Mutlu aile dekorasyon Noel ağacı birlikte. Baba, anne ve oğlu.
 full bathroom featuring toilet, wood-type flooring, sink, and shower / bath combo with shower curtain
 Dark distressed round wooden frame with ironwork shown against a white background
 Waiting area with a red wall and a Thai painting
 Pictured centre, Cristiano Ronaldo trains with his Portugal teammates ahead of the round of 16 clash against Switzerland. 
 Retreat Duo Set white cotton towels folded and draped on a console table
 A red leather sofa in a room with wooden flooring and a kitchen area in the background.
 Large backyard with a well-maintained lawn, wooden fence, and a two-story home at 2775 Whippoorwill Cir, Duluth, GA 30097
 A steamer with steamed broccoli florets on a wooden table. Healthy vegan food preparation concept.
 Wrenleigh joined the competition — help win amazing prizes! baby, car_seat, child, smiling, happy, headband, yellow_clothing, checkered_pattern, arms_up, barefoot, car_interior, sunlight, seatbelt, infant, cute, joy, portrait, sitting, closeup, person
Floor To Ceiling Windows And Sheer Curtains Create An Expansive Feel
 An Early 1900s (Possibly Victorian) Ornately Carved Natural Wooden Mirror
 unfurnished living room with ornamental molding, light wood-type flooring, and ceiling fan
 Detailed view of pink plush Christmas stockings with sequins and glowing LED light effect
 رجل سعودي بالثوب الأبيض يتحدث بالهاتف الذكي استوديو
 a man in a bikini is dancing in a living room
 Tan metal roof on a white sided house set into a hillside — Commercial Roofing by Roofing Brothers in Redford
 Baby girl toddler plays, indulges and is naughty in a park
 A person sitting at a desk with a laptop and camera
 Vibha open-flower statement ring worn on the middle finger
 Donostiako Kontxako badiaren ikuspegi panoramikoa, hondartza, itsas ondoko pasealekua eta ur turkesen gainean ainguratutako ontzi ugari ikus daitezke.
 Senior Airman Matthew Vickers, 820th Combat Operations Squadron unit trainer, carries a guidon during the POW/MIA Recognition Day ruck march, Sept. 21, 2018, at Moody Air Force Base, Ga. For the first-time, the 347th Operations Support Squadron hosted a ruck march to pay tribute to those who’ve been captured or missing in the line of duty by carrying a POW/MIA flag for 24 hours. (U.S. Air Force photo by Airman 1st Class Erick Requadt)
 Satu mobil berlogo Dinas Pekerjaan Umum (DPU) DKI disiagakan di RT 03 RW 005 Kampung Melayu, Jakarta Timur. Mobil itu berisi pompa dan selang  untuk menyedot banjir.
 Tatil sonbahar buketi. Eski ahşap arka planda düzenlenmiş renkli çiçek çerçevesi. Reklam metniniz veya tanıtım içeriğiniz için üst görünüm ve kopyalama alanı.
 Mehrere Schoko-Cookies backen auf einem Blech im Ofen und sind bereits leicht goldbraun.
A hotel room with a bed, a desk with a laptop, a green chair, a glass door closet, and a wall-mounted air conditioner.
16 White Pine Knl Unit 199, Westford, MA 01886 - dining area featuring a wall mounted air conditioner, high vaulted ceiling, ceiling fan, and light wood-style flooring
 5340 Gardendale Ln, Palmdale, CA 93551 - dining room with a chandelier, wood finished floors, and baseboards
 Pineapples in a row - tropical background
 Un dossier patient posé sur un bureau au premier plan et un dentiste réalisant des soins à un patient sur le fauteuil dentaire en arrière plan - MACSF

========

**What you need to do:** What you copy out must be exactly the lines from the line containing "A hotel room" through the end of the records.

**Solution:**
A hotel room with a bed, a desk with a laptop, a green chair, a glass door closet, and a wall-mounted air conditioner.
16 White Pine Knl Unit 199, Westford, MA 01886 - dining area featuring a wall mounted air conditioner, high vaulted ceiling, ceiling fan, and light wood-style flooring
 5340 Gardendale Ln, Palmdale, CA 93551 - dining room with a chandelier, wood finished floors, and baseboards
 Pineapples in a row - tropical background
 Un dossier patient posé sur un bureau au premier plan et un dentiste réalisant des soins à un patient sur le fauteuil dentaire en arrière plan - MACSF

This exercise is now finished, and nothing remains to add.